Critique du volume manga
Publiée le Jeudi, 19 Décembre 2024
Frères adoptifs semblant au départ si différents, Shinobu et Takezô se sont enfoncés dans une relation charnelle passionnée où ils se passent de tout mot, après de nombreuses années faites de reproches et de non-dits. Sous l'oeil de Kaname, le fils précoce de Shinobu, qui est la seule autre personne à être au courant, le sexe est peut-être le meilleur moyen pour eux deux de vivre leurs sentiments interdits et d'évacuer ce qu'ils ne peuvent extérioriser, en gardant alors toujours ça pour eux, comme si ça n'existait pas vraiment, chose que les yeux bandés de Shinobu symbolisent fortement. mais il y a toujours un moment où la réalité nous rattrape, et dans le cas de nos deux protagonistes cela se fera de façon difficile, lors d'un voyage entre adultes où Haruka, une amie de Mariko,fait une découverte qu'elle n'aurait jamais dû voir...
Après un premier volume aussi malsain que fascinant dans son genre, ce deuxième et dernier tome de la série se dresse alors, en quelque sorte, comme celui d'une inévitable chute, celle de deux hommes dont la passion réciproque sera passée par plusieurs étapes: le déni dans leur jeunesse, la frustration, et enfin du sexe sans mots et toujours plus brutal pour évacuer tout ce qu'ils ressentent. Asumiko Nakamura a beau parfois faire trop durer ses scènes érotiques, elles ont bien leur place ici, tant elles ont du sens pour cristalliser le ressenti des personnages. Et tout en nous amenant petit à petit jusqu'à une issue qui ne pouvait pas être autre, la mangaka reste maîtresse de son dessin, de sa mise en scène, de ses nombreuses petites idées graphiques symboliques (certains jeux d'ombre, le fait qu'on ne voit jamais les yeux de Mariko avant un certain moment décisif...), et de sa narration non-chronologique qui continue petit à petit à nous faire retracer le parcours des personnages, leurs douleurs contenues et certaines vérités supplémentaires sur leur lien.
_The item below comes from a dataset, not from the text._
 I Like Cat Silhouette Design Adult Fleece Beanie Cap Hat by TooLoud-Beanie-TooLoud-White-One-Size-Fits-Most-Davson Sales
A l'image des personnages principaux, il sera quand même possible d'avoir aussi, du côté du lectorat, certaines légères frustrations une fois ce volume refermé: une dernière ligne droite un peu trop rapide car les choses s'enchaînent vite (même si les toutes dernières pages sont intelligemment pensées pour nous laisser sur un dernier choc et un dernier moment d'émotion tragique), et un manque d'approfondissement sur la façon d'être de Kaname. Néanmoins, cela n'entache que très peu les qualités graphiques, narratives et scénaristiques d'un manga de haute volée dans sa catégorie. Redisons juste encore une fois que Les vestiges d'un parfum reste un manga réservé à un public très averti, et qu'il ne faut vraiment pas commencer par cette oeuvre pour découvrir tout le talent d'Asumiko Nakamura, au vu de ses partis-pris qui pourraient très facilement déranger.